Qatar News #04: Futebol de rua em Mushareib

De noite, não ao dia sob sol escaldante de Doha. De noite quando ar está mais fresco. Meninos jogam bola na rua bem perto da 13 Mushareib, onde estamos hospedados. As traves são duas lajotas de cimento, no tamanho de tijolos. São três contra dois. Bola dura. Pula sem parar no asfalto cinza coberto de poeira. Gritam “hadaf! hadaf! quando a bola passa na linha imaginária entre as duas lajotas. Hadaf, gol em árabe. Se divertem jogando de sandálias, descalços, de calças e até em trajes árabes – aquele roupão branco cobrindo do pescoço até os pés. No futebol dos meninos, trajes não tão brancos assim, mas cinza cor de pó.
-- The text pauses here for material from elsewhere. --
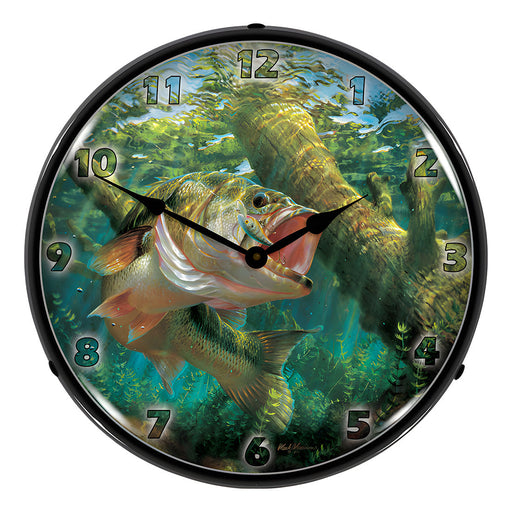 Collectable Sign and Clock Fishing the Wood Backlit Wall Clock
Não há plateia. A rua estreita, de pouco mais de 100 metros, é ladeada por um conjuntos de predinhos de três andares pintados de um amarelo sem força. Em frente a rua do “campinho” dos meninos passa outra rua mais cumprida. De um lado um longo muro. No meio do muro, uma portinhola de acesso a um mercadinho minúsculo, abarrotado de comes, garrafas d’água, objetos de limpeza, tudo junto e misturado. Dali brota um cheiro de algum alimento preparado na hora. Cheiro forte. Quase ao lado do mercadinho, uma lixeira pública transborda. E gatos, muitos gatos, perambulam atrás de restos de comida.

Caminhar de cidadãos por aquelas vielas é sem atropelos. Maioria tem calcanhares impregnados de pó cinza quando calçam chinelos. Os que usam calçados também estão empoeirados. Pequenos edifícios, no máximo de dez andares emolduram as ruas vizinhas à 13 Mushareib. Nas calçadas estreitas destinadas aos pedestres, carros estacionados ocupam todo espaço. Enormes SUVs com patente japonesa, coreana, inglesa, alemã… Toyotas, Land Rover, Mercedes, Suzuki… uma porção delas. Pedestres têm de desviar pela rua.

Não muito distante do campinho dos meninos, uma torre alta de mais de 10 metros de altura tem quase no topo seis alto-falantes (antigas cornetas de som). Uma minarete. Todo santo dia ecoam desses alto-falantes orações ao alto. Começam às 5 horas da manhã e se estendem até 6h em intervalos curtos. Depois se repetem ao longo do dia em horários sagrados à religião Islã. Aos não religiosos, soa como trilha sonora do dia-a-dia.

Na porta de entrada dessa minarete, se vê uma placa com os dizeres “Só Para Homens”. Mulher não entra. Homens entram descalços no templo. Deixam seus chinelos à porta e pequena escadaria que alcança a calçada. Uma porção de chinelos dos homens de fé.

Meninos do campinho devem em breve frequentar a mesquita. Por enquanto eles jogam bola até altas horas da noite. A pouco mais de 1km dali, uma avenida corta a paisagem. Carrões a toda velocidade. Do outro lado, a principal estação de metrô de Doha, a Mushareib, um santuário da civilização moderna engolindo e devolvendo gente a rodo de suas escadas rolantes.

Ladeando a estação, Downtown, um centro comercial e lazer bem artificial inspirado em metrópoles europeias. Cenário de cinema onde habitam lojas de grife, restaurantes e cafés destinados a árabes ricos e turistas desavisados. Em Downtown há espaço de sobra para meninos idealizarem seus campinhos de futebol. Parece que não é permitido correr atrás da bola nas ruas cheias de totens dourados, chafarizes, bancos e arbustos.

Hadaf feito com chutes de pés descalços você encontra mesmo é no asfalto empoeirado pertinho da 13 Musharieb. Campinho maior que qualquer estádio da Copa do Mundo 2022. Ali vive a paixão dos meninos por esse tal de futebol.